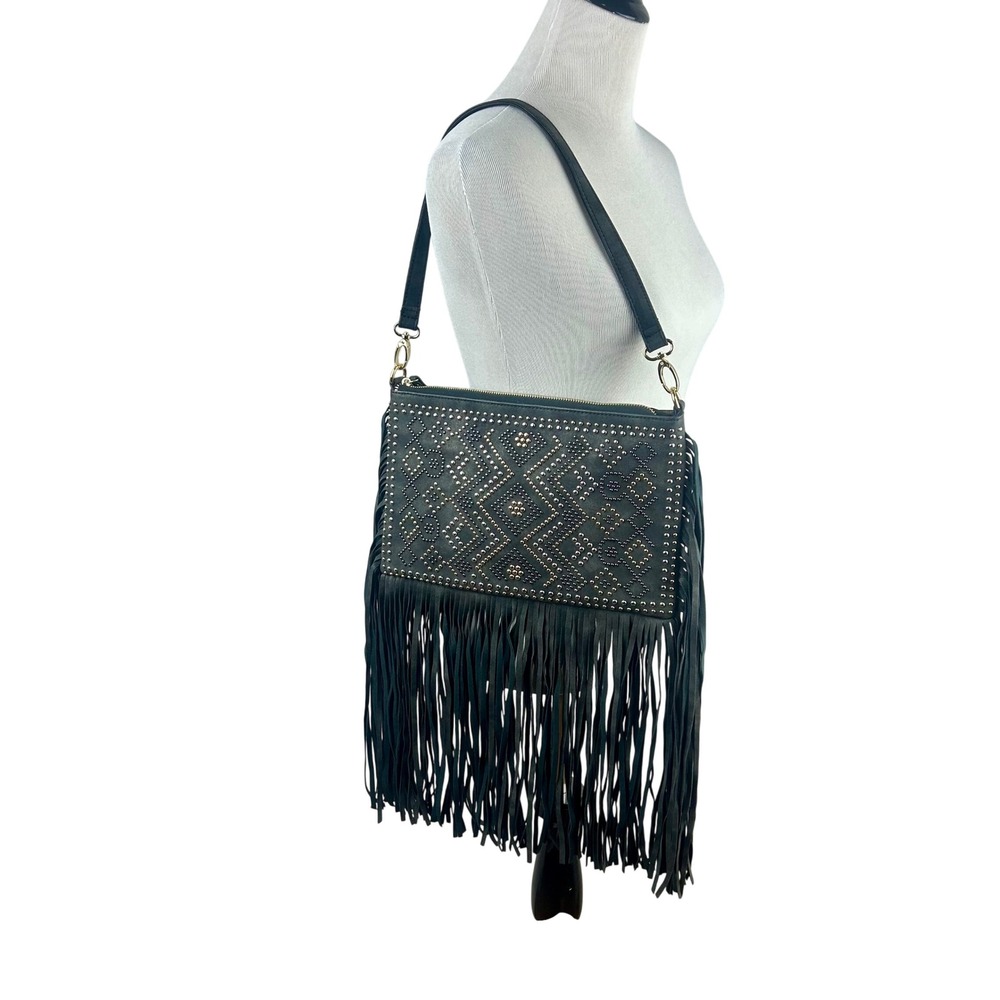 New Directions Black Studded Fringe Crossbody Bag Western Boho Faux Suede Clutch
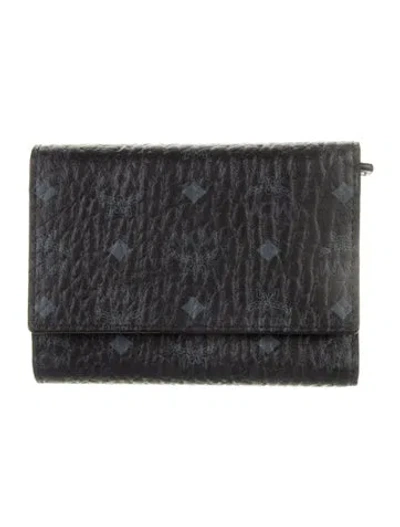 Pre-owned Mcm Leather Printed Trifold Wallet In Multi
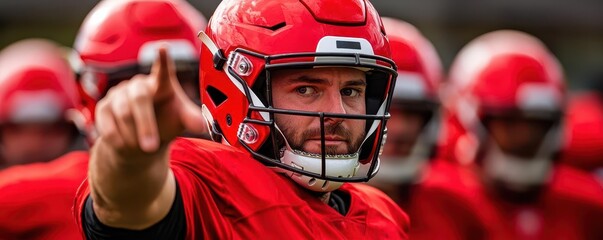 A football coach gesturing vividly while explaining plays to the team during practice Coaching dynamics, football tactics, team practice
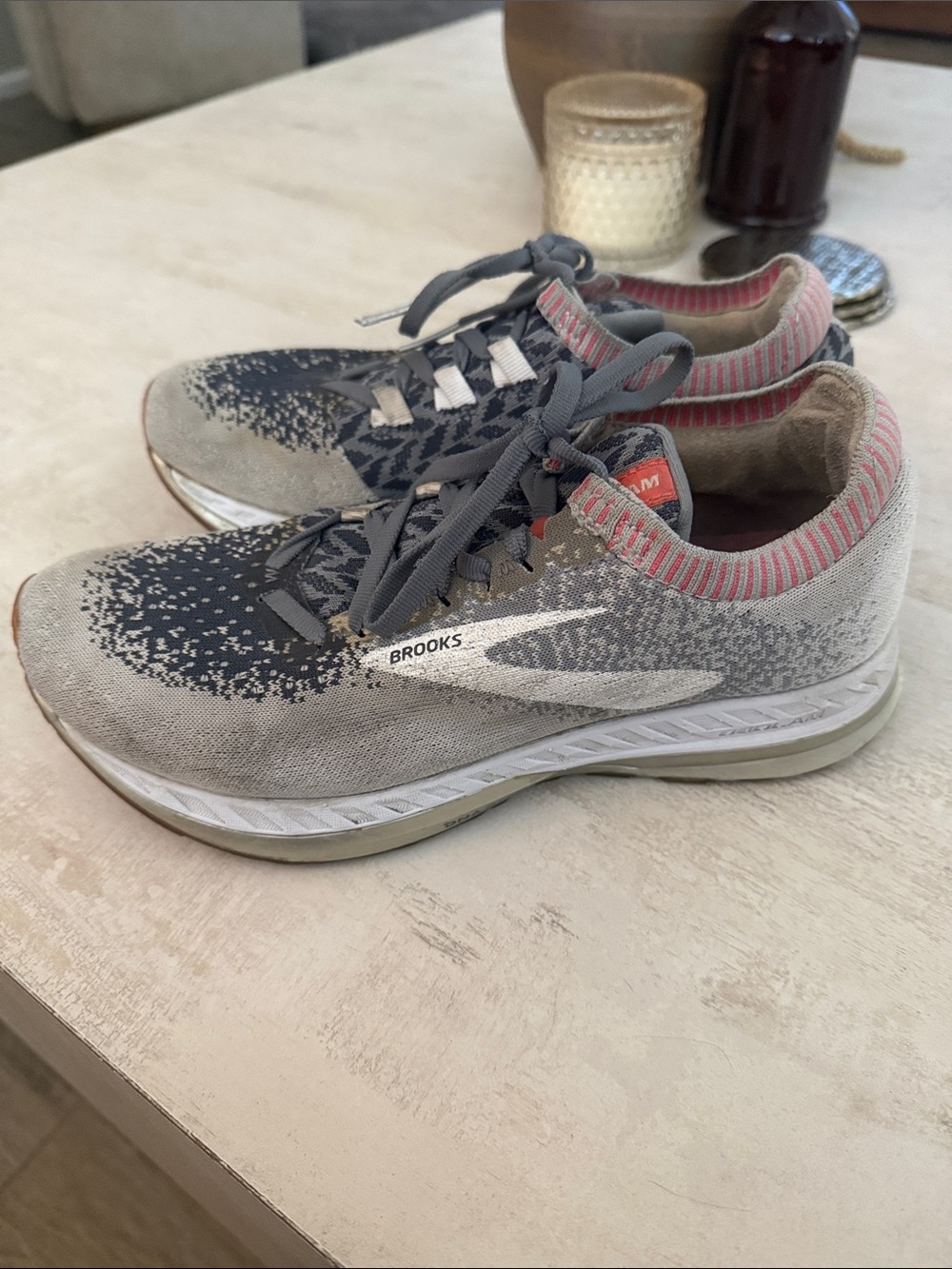 Brooks Women’s Gray and Pink Knit Running Shoes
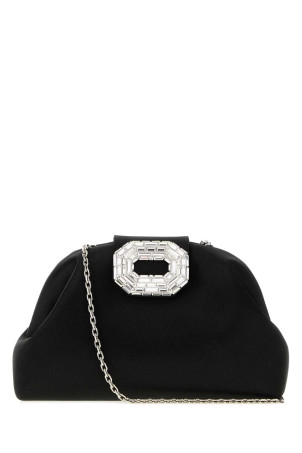 Black satin Camelia clutch Black AMINA MUADDI (CAMELIABAG)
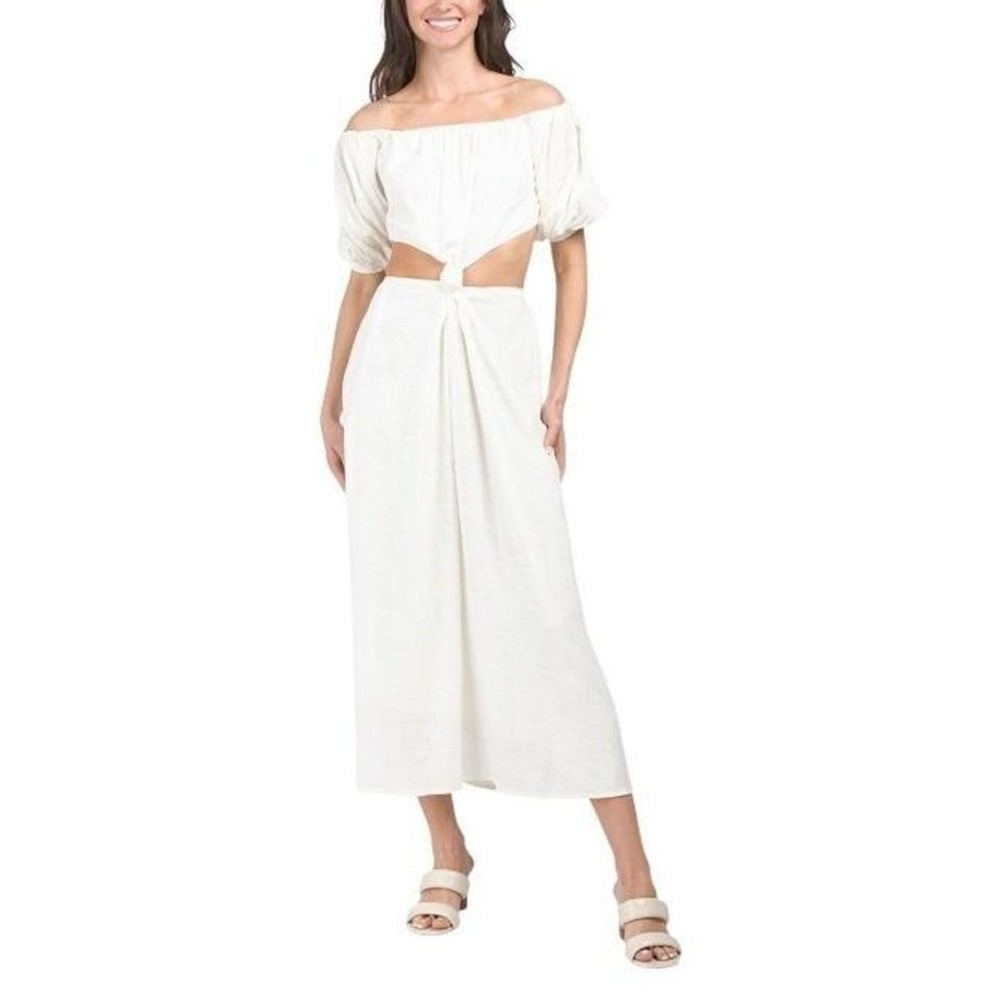 NWT Moon River‎ White Puff Sleeve Knot Front Cutout Maxi Dress Small NWT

^^^^^^^^

Your copy should match the entries above exactly and contain no pictures.

▸ **Task output**
 New Directions Black Studded Fringe Crossbody Bag Western Boho Faux Suede Clutch
 Pre-owned Mcm Leather Printed Trifold Wallet In Multi
 A football coach gesturing vividly while explaining plays to the team during practice Coaching dynamics, football tactics, team practice
 Brooks Women’s Gray and Pink Knit Running Shoes
 Black satin Camelia clutch Black AMINA MUADDI (CAMELIABAG)
 NWT Moon River‎ White Puff Sleeve Knot Front Cutout Maxi Dress Small NWT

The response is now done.